Ich ziehe meine Laufschuhe an und bereite mich für den Marathon vor. Insgesamt bin ich jetzt 6:20 Stunden unterwegs und ich habe, fast auf die Minute genau nach meinem Plan, 3:40 Stunden Zeit, um mein großes Ziel zu erreichen. Mit dieser Euphorie laufe ich also los und zuerst läuft es auch wirklich gut. Ich kann sogar die angepeilten Kilometerzeiten laufen, aber nach 10 Kilometern fühle ich mich wieder richtig schlapp und jetzt kommt auch noch Schwindel dazu. Bei Kilometer 12 stehen meine Supporter und ich bleibe dort erstmal stehen. Setze mich auf den Randstein und versuche mich zu sortieren. Ich fühle mich katastrophal, nicht kaputt und zerstört, wie das bei einem Ironman eben ist. Ein anderes, krankes Gefühl macht sich breit. Und hier erinnert mich Mathias Müller am Telefon daran, dass ich Aussteigen wollte und sollte, wenn es nicht geht. Nachdem ich mich dann auch noch zweimal übergeben muss, ist das Rennen für mich definitiv beendet. Ich möchte meine Gesundheit nicht riskieren und gehe direkt zum Arzt. Hier werden die Vitalwerte überprüft und auch wenn es hier keine Bedenken gibt, bleibt es bei meiner Entscheidung. Aus und vorbei. Ich habe es versucht aber es sollte nicht sein.

Natürlich bin ich enttäuscht. Ich wollte nach dem technischen Defekt in Frankfurt gerne zeigen, was ich drauf habe. Wofür ich ein ganzes Jahr trainiert und viel Leidenschaft und Zeit investiert habe. Dass ich trotz geschwächtem Körper auf Platz 28 in den Marathon starten kann zeigt aber, was alles möglich ist, wenn ich gesund und ohne Materialprobleme durch ein Rennen komme. Das wird im nächsten Jahr passieren, da bin ich mir ganz sicher. Und darauf freue ich mich.

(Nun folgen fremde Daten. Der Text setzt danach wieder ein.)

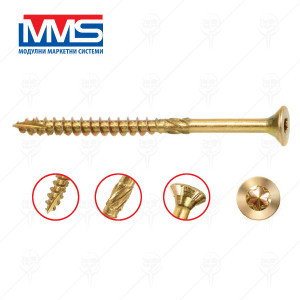 ВИНТ TORNADO PLUS MMS ВИНТ TORNADO PLUS MMS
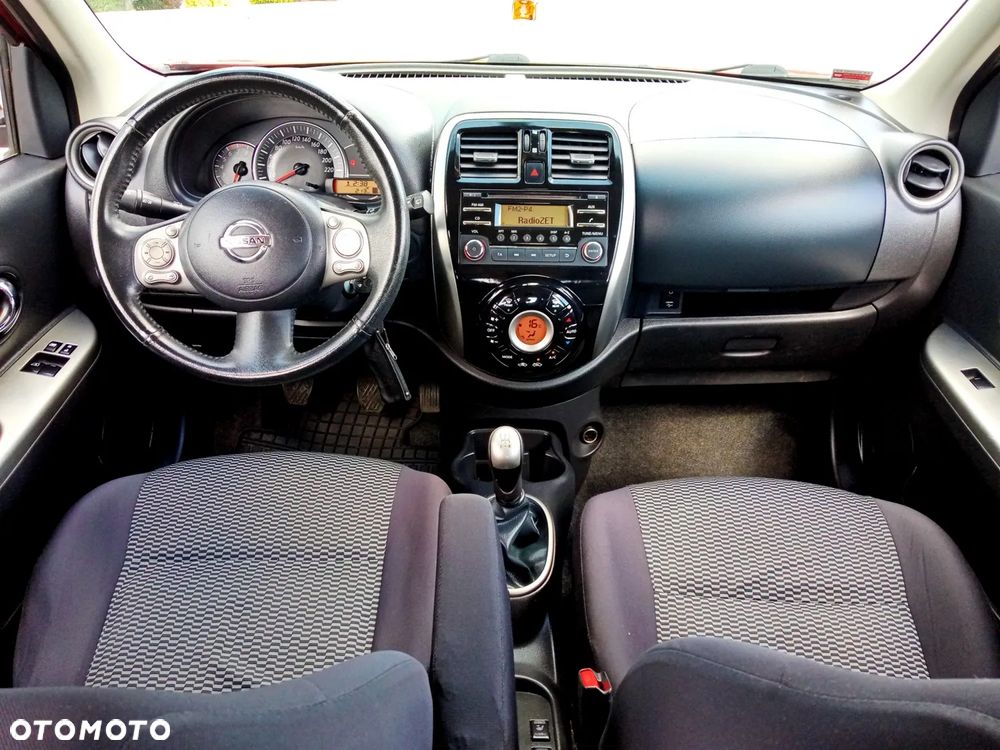 Nissan Micra 1.2 DIG-S Tekna - 9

Gemeinsam mit Stephan Vuckovic werde ich nach meiner Saisonpause im Winter intensiv am Schwimmen und am Laufen arbeiten und noch stärker ins nächste Jahr starten. Ich freue mich auf harte Einheiten und werde Euch hier auf dem Laufenden halten.

Vielen Dank an Euch Alle fürs Mitfiebern und für die tollen Nachrichten auf allen Kanälen nach dem Rennen auf Mallorca. Das zeigt auch, dass es die richtige Entscheidung war, das Rennen abzubrechen. Ich bin mir sicher es war für Irgendetwas gut. Ich bin gespannt wofür!